• **GOAL OF THE EXERCISE**
Given the material below, return only the lines starting at the line with "Toaletní stolek/komoda se" and ending at the line with "Beach, Florida Brass", exactly as they appear.

━━━━━━━━━━━━━━━━

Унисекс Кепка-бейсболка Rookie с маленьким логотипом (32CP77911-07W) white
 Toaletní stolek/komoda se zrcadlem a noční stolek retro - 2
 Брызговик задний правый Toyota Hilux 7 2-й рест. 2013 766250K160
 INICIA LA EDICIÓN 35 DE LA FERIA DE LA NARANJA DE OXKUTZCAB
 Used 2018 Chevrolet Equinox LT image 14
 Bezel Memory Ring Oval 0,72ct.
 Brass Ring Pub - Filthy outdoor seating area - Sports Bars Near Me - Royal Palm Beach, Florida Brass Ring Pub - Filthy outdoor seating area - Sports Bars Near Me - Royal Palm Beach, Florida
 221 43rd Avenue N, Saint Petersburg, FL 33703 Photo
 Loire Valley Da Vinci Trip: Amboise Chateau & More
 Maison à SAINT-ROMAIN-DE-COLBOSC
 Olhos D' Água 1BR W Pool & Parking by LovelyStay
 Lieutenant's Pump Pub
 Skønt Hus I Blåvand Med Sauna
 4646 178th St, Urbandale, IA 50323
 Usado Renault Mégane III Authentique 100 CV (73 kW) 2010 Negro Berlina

━━━━━━━━━━━━━━━━

• **ANSWER**
 Toaletní stolek/komoda se zrcadlem a noční stolek retro - 2
 Брызговик задний правый Toyota Hilux 7 2-й рест. 2013 766250K160
 INICIA LA EDICIÓN 35 DE LA FERIA DE LA NARANJA DE OXKUTZCAB
 Used 2018 Chevrolet Equinox LT image 14
 Bezel Memory Ring Oval 0,72ct.
 Brass Ring Pub - Filthy outdoor seating area - Sports Bars Near Me - Royal Palm Beach, Florida Brass Ring Pub - Filthy outdoor seating area - Sports Bars Near Me - Royal Palm Beach, Florida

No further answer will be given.